On Sat, Mar 04, 2000 at 04:44:04PM +0100, Jamie Lokier wrote:
> Larry McVoy wrote:
> > : Pages are like huge cache lines. Don't gripe about cache lines, OK?
> > : Good SMP code avoids cache line ping pong. Bad code doesn't bother.
> > : (then again, if the "bad" code was cheap, maybe it isn't so bad)
> >
> > So you like a world were your cache line misses take 10,000
> > times longer than normal, do you? You know what, you're right.
> > If you have code that is so cache insensitive that it wouldn't
> > notice the difference, DSM would work great.
>
> Larry, you're deliberately ignoring the fact that a DSM "cache line
> transfer" doesn't block the requesting CPU from executing another thread
> while it waits.
>
> SMP cache line requests don't have that property.

I wasn't ignoring it, I hadn't considered it. OK, so let's think
about that. So now I need to have shared memory model, with multiple
threads, but the threads need to be split up such that the right threads
are wherever the data is and I need to have enough of them to cover up
huge memory latencies.

I don't believe that you take any significant number of shared memory
programs and make that model work.
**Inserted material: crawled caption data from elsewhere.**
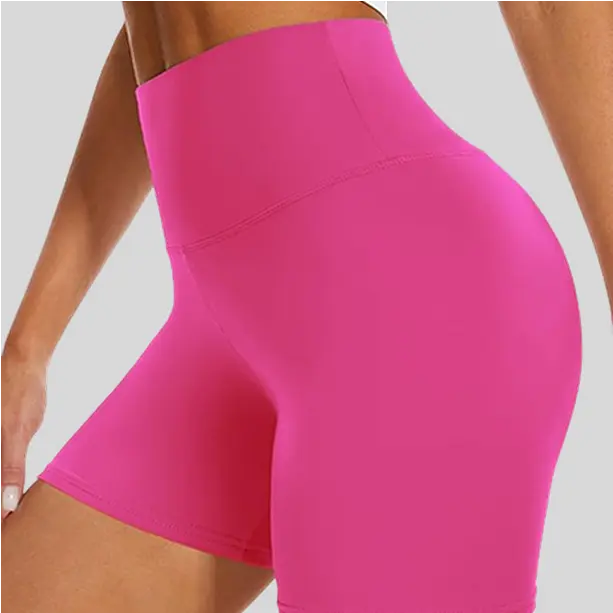 A seamless yoga short with moisture-wicking fabric, designed for breathability and movement.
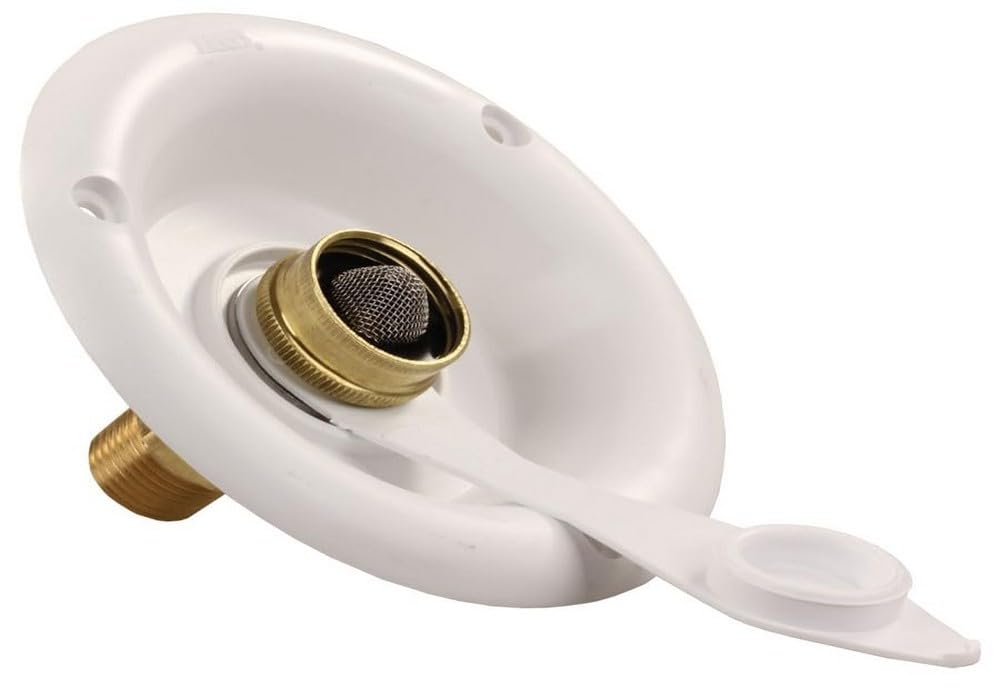 B&B Molders B&B Molders 94218 City Water Dish with Brass CV - Outdoor Depot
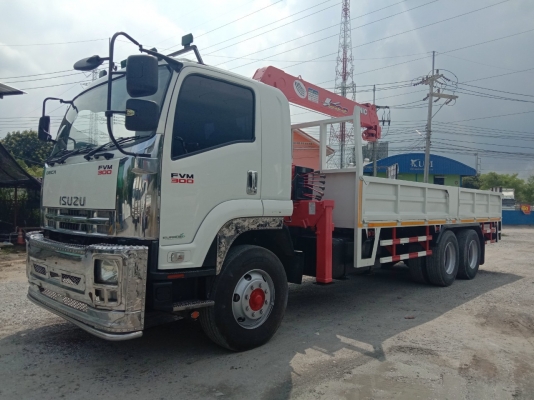 ขายสิบล้อเครน Isuzu FVM300 ปี 53 โทร 081-3739793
It's a nice idea but the reality is
that wherever you want the data to be, it's typically someplace else.
This is _inherent_ in shared memory programming. Let's see if I can
back up that statement:

Let's say we eliminate the programs which aren't really shared memory
programs, like parallel make, for example. While I'm sure that you
could have all the processes mmap the same makefile and claim that that
is shared memory programming, that's more than a little silly, right?
Am I right in assuming that you don't mean silly stuff like that?

OK, so that leaves us with programs that are actually sharing memory
because they need to do - they are communicating with each through the
memory rather than communicating through messages. Classic examples
of this are your basic simulation, where each process (thread if you
must) is working on some subset of the space. Let's say it is a three
dimensional simulation, so each process has a subcube of the larger cube.

This is a nasty problem space because each process' forward progress
depends not only on the results of its local computation but also on
the results of the computation of its neighbors, since if the cube right
next to you is blowing up, that's going to have some effect on your cube.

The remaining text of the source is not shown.